Supreme Court to hear free-speech case from Colorado

Written by William C. Duncan

February 25, 2022

In 2018, the U.S. Supreme Court ruled, in Masterpiece Cakeshop v. Colorado Civil Rights Commission, that the state of Colorado had violated the religious freedom of a cake decorator. The baker, Jack Phillips, had declined to make a wedding cake for a same-sex wedding because of his religious beliefs. The Civil Rights Commission had determined he was in violation of the state’s law against discrimination in providing business services.

The court took the case to determine whether the commission had violated Phillips’ constitutional rights: specifically, whether requiring him to help with the wedding infringed his rights to (1) free exercise of religion and/or (2) free speech.

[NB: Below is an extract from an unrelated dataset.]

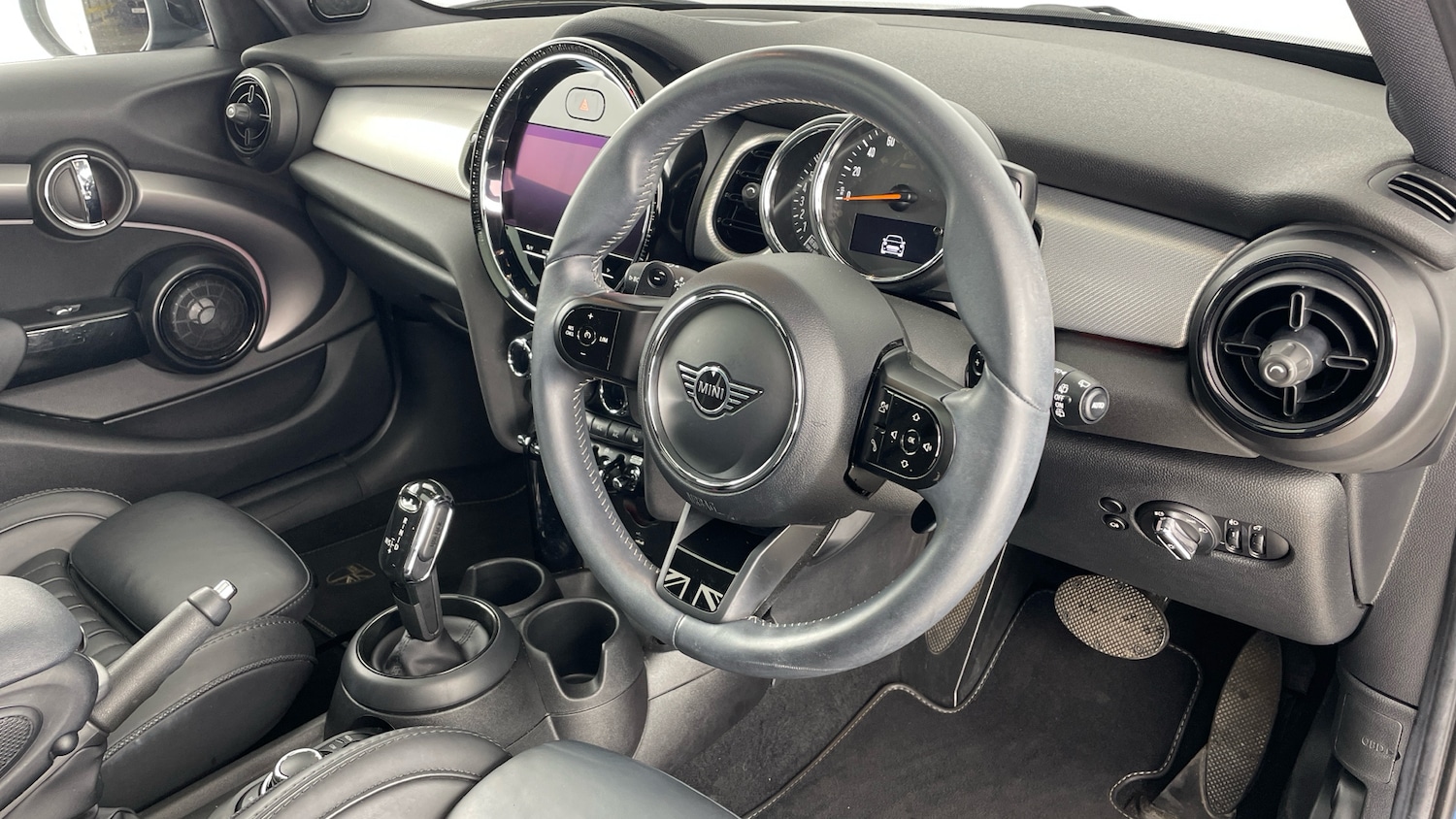 Used MINI Hatch 2022 for sale - 76384213: Photo 6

When the court decided the case, the majority determined there was no need to address the free speech claim because the commissioners had demonstrated clear bias against Phillips, due to his religious beliefs, during the Colorado Civil Rights Commission’s proceedings.

That narrow ruling left a couple of constitutional questions unanswered: Without any derogatory statements by commissioners, would a requirement that the baker facilitate the wedding force him to engage in speech or to violate his religious commitments?

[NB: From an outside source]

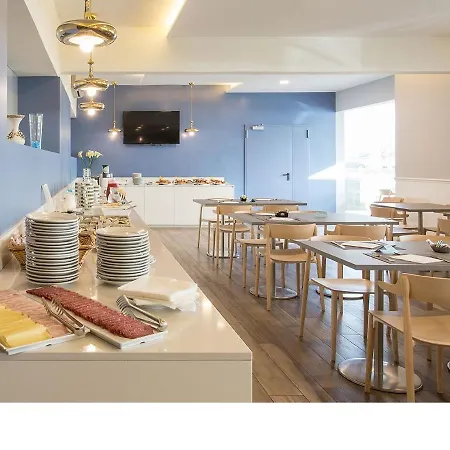 Tritone Hotel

This week, the court announced it would be taking another Colorado case that raises one of these unanswered questions.

The case involves a web designer, Lorie Smith, who wants to create wedding websites. As a SCOTUSblog analysis explains:

Because she opposes same-sex marriage on religious grounds, Smith does not want to design websites for same-sex weddings, and she wants to post a message on her own website to explain that. But a Colorado law prohibits businesses that are open to the public from discriminating against gay people or announcing their intent to do so.

Smith argued that applying the Colorado discrimination law to her business would infringe her constitutional rights. The U.S. Court of Appeals for the 10th Circuit rejected Smith’s challenge. Although the majority recognized that the creation of a website was speech, the state had a compelling interest in “protecting both the dignity interests of members of marginalized groups and their material interests in accessing the commercial marketplace.” To the majority it was not adequate for customers seeking a website for a same-sex wedding to go to another provider.

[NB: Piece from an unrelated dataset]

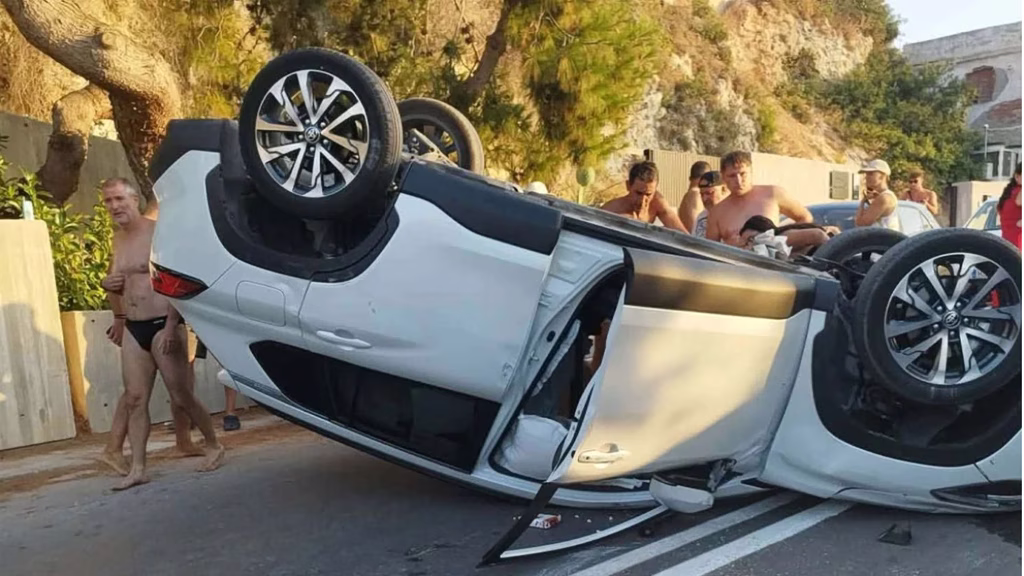 Τροχαίο στην Κρήτη: Αυτοκίνητο που οδηγούσε τουρίστας έπεσε πάνω σε ΙΧ και ντελαπάρισε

One judge dissented strongly:

No one denies Lorie Smith’s sincere religious beliefs, good faith, and her willingness to serve clients regardless of race, creed, ethnicity, or sexual orientation. But what she will not do is compromise her beliefs and produce a message at odds with them. The Constitution neither forces Ms. Smith to compromise her beliefs nor condones the government doing so. In fact, this case illustrates exactly why we have a First Amendment. Properly applied, the Constitution protects Ms. Smith from the government telling her what to say or do.

The Supreme Court announced it would address the following question in accepting this appeal: “Whether applying a public-accommodation law to compel an artist to speak or stay silent violates the Free Speech Clause of the First Amendment.”

The experience of Jack Phillips demonstrates why the court’s guidance would be helpful. As his attorneys explain, even though he won his case in 2018, a private citizen has continued to bring actions against Phillips for declining to make cakes that are at odds with Phillips’ beliefs. These continued legal complaints, and similar ones in other states, will preclude closure for individuals who are uncomfortable providing services at odds with their beliefs.

Ideally, the questions would be settled by specific legislation, where competing sets of interests could be balanced and conflicts avoided. But more likely, in the short term, the court will have to provide that direction.